To mitigate the immediate impact of any possible ban that may be promulgated by the EU, InterManager is calling on all ship managers to ensure their Filipino officers have extended the validity of their CoCs prior to any ban coming into force. The EU has indicated that, if ever a ban were to take effect, this would not be levied against valid and active CoCs. By extending the validity of their CoCs, the Filipino officers are able to gain a maximum five year period of grace. Should the EU ever implement a ban, a subsequent resolution may likely be found within the five year grace period.
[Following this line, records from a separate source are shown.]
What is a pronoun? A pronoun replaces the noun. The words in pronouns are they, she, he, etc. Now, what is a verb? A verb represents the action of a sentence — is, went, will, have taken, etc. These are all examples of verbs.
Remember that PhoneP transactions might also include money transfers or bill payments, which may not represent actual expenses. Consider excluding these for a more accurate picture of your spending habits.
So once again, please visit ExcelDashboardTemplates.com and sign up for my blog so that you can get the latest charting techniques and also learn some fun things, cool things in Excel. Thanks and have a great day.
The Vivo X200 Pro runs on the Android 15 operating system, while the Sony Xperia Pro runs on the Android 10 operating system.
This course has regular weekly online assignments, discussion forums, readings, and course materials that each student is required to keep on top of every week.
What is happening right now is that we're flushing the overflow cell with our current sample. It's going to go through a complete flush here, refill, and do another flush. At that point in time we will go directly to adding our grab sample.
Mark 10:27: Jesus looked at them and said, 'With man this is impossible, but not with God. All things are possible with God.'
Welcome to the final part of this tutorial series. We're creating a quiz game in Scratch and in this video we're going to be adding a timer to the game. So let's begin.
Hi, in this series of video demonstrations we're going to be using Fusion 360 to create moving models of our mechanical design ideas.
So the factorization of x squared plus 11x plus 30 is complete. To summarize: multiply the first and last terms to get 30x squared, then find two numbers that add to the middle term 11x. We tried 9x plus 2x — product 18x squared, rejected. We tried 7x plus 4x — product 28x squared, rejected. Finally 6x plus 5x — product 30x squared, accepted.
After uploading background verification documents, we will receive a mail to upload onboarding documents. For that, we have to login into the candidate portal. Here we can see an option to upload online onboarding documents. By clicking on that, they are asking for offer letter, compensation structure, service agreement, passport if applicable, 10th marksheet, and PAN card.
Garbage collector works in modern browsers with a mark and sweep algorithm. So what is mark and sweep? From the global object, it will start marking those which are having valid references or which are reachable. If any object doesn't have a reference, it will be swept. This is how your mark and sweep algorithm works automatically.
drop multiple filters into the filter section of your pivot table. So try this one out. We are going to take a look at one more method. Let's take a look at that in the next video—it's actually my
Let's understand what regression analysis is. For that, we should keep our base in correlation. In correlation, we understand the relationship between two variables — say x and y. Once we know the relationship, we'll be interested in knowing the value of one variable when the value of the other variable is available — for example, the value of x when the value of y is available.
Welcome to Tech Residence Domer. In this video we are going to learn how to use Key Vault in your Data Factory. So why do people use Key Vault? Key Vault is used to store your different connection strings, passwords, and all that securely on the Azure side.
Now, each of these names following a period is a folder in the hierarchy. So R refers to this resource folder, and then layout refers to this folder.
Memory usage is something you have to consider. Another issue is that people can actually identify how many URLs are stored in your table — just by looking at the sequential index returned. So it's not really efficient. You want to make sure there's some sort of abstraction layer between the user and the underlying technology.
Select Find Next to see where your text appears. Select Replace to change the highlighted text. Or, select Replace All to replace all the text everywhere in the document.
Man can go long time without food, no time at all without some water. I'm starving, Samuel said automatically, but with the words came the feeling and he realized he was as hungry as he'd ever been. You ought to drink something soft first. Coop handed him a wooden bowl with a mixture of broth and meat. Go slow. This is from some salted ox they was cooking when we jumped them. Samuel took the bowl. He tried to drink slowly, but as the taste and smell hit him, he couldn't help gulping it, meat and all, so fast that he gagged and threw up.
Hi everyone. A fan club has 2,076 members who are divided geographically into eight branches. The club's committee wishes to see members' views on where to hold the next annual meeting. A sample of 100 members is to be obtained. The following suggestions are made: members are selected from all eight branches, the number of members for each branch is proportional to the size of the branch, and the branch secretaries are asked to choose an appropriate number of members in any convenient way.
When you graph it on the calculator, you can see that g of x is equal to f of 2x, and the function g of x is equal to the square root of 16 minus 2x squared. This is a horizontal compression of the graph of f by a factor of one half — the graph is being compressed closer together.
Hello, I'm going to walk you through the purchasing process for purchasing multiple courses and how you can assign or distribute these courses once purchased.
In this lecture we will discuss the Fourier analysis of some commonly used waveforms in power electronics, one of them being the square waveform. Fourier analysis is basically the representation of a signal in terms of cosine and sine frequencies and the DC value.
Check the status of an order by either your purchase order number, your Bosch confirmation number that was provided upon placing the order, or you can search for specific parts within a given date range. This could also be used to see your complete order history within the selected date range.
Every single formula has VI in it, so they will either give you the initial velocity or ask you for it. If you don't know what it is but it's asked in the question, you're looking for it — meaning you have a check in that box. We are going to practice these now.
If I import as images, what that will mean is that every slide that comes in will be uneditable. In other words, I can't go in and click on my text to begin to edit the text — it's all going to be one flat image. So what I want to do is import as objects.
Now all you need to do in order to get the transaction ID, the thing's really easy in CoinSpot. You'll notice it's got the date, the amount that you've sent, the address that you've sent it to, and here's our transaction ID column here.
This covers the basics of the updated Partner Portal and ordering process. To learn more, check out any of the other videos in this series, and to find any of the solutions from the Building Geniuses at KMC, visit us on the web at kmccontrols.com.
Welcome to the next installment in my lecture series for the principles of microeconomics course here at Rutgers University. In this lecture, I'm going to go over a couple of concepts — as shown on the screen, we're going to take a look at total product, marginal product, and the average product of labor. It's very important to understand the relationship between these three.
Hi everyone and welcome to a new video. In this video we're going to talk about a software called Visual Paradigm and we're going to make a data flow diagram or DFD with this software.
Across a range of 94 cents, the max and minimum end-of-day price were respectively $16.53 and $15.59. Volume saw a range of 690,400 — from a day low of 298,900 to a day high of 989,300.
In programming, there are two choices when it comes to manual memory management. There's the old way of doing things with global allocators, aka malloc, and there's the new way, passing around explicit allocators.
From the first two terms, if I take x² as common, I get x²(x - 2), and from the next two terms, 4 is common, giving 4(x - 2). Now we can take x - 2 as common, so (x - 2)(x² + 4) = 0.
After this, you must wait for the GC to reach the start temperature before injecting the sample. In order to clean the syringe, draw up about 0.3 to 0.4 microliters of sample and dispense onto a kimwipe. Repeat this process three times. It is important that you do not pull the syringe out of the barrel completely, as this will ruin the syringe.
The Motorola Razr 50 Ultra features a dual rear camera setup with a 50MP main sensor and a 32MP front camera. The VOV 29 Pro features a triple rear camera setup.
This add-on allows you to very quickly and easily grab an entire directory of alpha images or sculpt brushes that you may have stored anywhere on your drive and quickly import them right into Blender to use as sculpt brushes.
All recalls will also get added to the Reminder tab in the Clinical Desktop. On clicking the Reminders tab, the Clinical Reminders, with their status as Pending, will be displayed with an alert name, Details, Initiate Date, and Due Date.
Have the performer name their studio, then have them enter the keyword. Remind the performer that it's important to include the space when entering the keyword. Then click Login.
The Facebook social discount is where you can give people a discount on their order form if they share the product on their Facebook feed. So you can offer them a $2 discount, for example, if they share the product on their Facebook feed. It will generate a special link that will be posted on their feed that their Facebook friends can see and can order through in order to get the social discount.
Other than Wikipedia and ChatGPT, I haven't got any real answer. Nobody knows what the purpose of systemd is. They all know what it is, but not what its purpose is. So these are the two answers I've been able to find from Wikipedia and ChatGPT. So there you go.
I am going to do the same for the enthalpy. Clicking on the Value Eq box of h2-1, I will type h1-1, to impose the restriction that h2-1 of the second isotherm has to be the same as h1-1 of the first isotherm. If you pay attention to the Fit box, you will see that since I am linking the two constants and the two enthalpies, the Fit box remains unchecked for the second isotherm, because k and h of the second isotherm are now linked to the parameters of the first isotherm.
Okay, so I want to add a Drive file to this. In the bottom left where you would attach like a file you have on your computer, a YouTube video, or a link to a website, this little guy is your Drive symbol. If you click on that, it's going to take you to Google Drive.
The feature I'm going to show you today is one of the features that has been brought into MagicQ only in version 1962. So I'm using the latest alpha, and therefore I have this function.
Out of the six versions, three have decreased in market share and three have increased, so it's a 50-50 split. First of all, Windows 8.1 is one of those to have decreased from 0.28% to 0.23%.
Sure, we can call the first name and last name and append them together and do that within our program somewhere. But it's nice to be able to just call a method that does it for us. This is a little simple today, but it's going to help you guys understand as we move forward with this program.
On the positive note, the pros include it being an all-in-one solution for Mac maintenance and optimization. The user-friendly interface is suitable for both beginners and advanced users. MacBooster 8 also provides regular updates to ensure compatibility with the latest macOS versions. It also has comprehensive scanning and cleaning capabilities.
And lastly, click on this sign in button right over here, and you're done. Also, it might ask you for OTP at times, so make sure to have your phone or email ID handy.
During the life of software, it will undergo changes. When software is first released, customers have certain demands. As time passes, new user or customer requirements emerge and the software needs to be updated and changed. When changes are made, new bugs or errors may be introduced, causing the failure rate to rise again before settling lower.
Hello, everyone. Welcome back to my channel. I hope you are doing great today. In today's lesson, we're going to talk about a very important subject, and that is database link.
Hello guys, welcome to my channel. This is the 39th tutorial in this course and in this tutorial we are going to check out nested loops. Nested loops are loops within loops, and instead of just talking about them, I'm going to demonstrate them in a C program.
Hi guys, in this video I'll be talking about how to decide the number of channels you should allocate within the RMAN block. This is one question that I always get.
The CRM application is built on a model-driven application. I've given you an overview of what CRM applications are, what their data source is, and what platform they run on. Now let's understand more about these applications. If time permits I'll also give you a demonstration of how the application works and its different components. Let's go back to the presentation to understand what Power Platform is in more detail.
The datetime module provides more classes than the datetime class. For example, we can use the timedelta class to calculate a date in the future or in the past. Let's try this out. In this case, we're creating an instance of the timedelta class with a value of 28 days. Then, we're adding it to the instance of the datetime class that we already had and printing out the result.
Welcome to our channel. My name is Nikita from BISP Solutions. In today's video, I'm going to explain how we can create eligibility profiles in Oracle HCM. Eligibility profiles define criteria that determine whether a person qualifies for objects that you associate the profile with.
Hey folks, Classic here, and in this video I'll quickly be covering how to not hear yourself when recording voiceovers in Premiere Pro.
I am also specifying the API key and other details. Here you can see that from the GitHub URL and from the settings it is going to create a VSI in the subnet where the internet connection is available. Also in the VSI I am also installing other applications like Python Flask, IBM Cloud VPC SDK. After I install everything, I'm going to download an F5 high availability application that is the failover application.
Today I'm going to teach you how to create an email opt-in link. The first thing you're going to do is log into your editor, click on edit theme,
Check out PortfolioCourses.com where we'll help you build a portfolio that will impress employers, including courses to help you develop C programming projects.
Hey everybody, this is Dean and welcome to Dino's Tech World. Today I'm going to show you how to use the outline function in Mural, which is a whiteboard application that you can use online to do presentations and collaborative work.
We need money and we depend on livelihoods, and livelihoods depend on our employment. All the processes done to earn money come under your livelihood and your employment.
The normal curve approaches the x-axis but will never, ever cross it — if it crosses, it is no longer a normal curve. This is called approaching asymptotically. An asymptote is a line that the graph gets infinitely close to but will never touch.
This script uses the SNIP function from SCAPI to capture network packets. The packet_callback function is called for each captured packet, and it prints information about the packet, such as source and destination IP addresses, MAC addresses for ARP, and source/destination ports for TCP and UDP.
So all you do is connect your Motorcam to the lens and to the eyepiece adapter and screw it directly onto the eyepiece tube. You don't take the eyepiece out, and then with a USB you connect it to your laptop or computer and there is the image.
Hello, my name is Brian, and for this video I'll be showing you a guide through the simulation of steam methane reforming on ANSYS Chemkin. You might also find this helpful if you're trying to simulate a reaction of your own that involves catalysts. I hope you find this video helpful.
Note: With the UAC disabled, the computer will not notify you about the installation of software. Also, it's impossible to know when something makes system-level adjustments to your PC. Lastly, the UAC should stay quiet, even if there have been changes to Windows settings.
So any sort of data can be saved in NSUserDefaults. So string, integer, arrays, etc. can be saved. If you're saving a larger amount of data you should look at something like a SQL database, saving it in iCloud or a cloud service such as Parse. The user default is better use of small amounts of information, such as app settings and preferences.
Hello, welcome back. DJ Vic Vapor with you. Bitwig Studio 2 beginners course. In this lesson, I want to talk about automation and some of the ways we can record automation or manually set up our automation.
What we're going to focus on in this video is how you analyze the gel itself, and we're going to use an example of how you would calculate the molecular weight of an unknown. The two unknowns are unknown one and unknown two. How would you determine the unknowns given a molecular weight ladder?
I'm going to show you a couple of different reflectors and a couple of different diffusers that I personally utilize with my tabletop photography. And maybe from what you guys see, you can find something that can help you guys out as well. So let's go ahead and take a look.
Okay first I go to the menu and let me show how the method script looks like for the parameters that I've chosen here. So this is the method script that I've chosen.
Georgia, which has recently been subjected to a similar ban, resolved its shortcomings within two years.
Owners and managers should also look to hold discussions with various Port State Control MOUs to extend this five year window to Filipino officers serving on non-EU flagged vessels which may call on EU ports.
Industry discussions are currently underway with a number of countries such as the UK, Norway, The Netherlands and Belgium, to allow their recognised schools to assess cadets for their CoC, so allowing those cadets to qualify onboard EU-flagged ships.
InterManager President Gerardo Borromeo said: “The message we are giving out as responsible ship managers is that our primary duty is to ensure that ships continue to sail safely and efficiently, which means we will put the right people onboard these ships and, in the case of Filipinos, we will work with the right crewing institutions and entities to ensure these officers are properly trained and certificated.”